Meditation is presented as a way to control the internal monologue that undermines motivation—thoughts that suggest stopping, delaying, or calling the work pointless. The practice is described as training focus so attention can be brought back to something stable (like the breath) rather than letting the mind spiral into negativity. Insight Timer is cited as a free starting point, with gradual increases from five minutes to longer daily sessions. Headspace and Calm are also mentioned as effective alternatives. The transcript frames this as building willpower and focus control that supports daily execution.

Which short-term tactics reduce resistance when starting work?

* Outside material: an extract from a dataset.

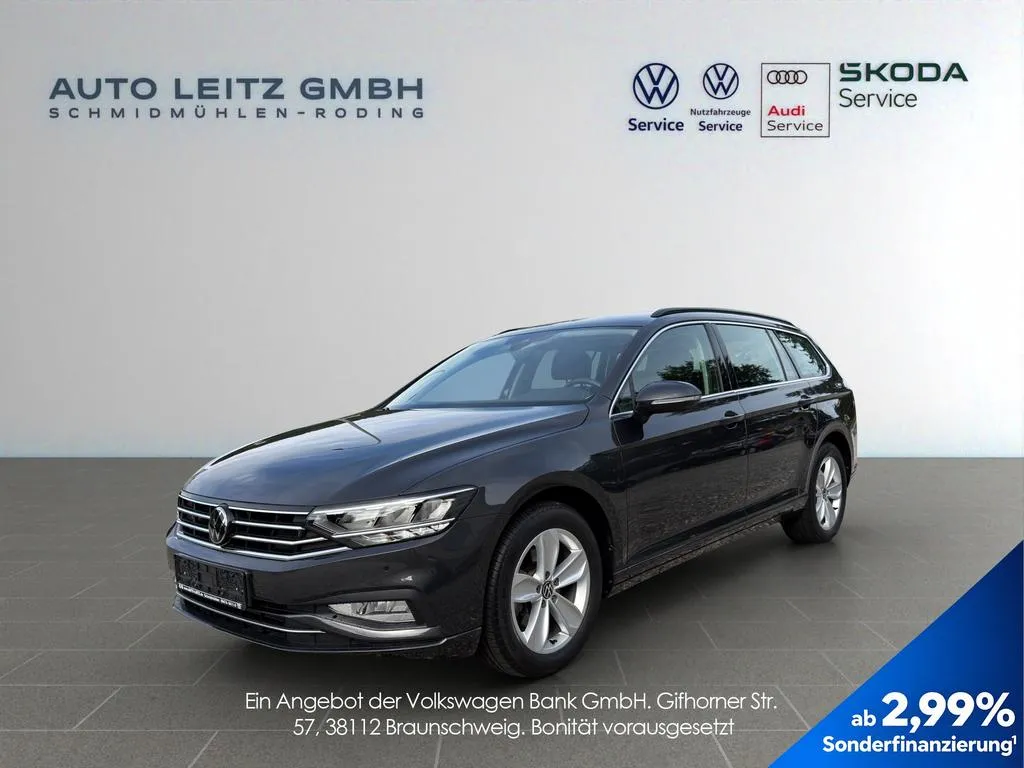 Volkswagen Passat Variant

The transcript highlights the “10 minutes” rule: when resistance appears, commit to only ten minutes. The key is that many stalls happen during setup—opening the computer, finding files, getting resources ready, and getting thoughts onto paper. Starting with ten minutes clears that activation-energy hump, and often leads to longer work sessions (half an hour to an hour) once the task is underway. It also recommends energy-based scheduling: do high-concentration tasks in the morning, medium-effort work after lunch, and low-effort admin at the end of the day.

Why does the transcript recommend avoiding sugar and caffeine for motivation?

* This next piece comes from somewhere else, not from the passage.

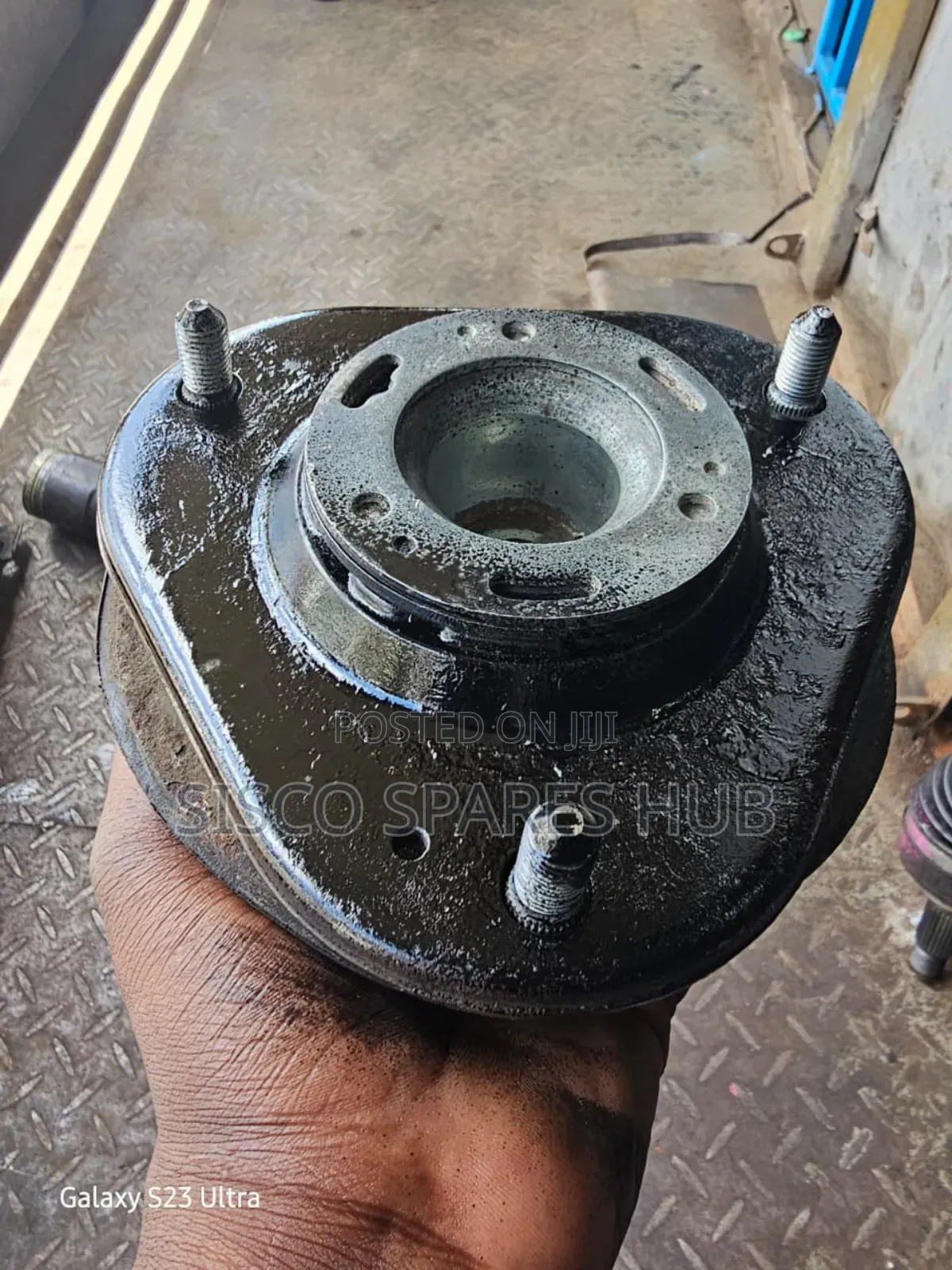 Shock Mountings Toyota Rav4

The transcript claims sugar and caffeine can create short-lived spikes followed by crashes that make sustained work feel miserable. During the master’s thesis, energy drinks and a sandwich fueled output, but later experience showed that sugar/caffeine crashes undermine motivation and make the final stretch of work feel torturous. The suggested alternative is keeping energy level stable—using peppermint tea, lemongrass, and ginger tea—and minimizing sugar and caffeine so the person can keep working without the “doped response” followed by a slump.

Review Questions

  1. What makes the “X effect” effective—streak visibility, habit formation, or accountability—and how do the rules change if tracking is only online?
  2. For a thesis, which metrics are controllable and why does that distinction matter for motivation?
  3. How do the “10 minutes” rule and energy-based scheduling work together to reduce daily friction?

Key Points

  1. 1

    Long-term motivation is built by turning multi-year goals into daily habits that feel automatic after consistent repetition.

  2. 2

    Use a visible, physical progress system like the 50-day “X effect” grid to create accountability and reinforce habit formation.

  3. 3

    Track controllable inputs (e.g., thesis word count or study hours) rather than outcomes that depend on external factors.

  4. 4

    Counter motivation-killing internal monologue with meditation that trains attention and focus back to the present moment.

  5. 5

    Reduce daily resistance with the “10 minutes” rule to clear activation energy during task setup.

  6. 6

    Structure the day around energy: high-focus work in the morning, lighter tasks after lunch, and low-effort admin at the end.

  7. 7

    Avoid sugar and caffeine spikes that lead to crashes; keep energy level steady and consider short breaks to reset momentum.

Highlights

The “X effect” uses a 10-by-5 (50-day) grid where each completed day earns an X—progress becomes a streak that turns into a habit.
Motivation improves when tracking focuses on controllable inputs like daily word count, not uncontrollable outcomes like money.
A “remember you will die” chart adds one dot per week to create perspective and make wasted time feel more noticeable.
Meditation is framed as a practical tool for stopping negative thought spirals by repeatedly returning focus to the breath.
Short-term resistance is handled with the “10 minutes” rule, which often expands into longer work once setup friction is cleared.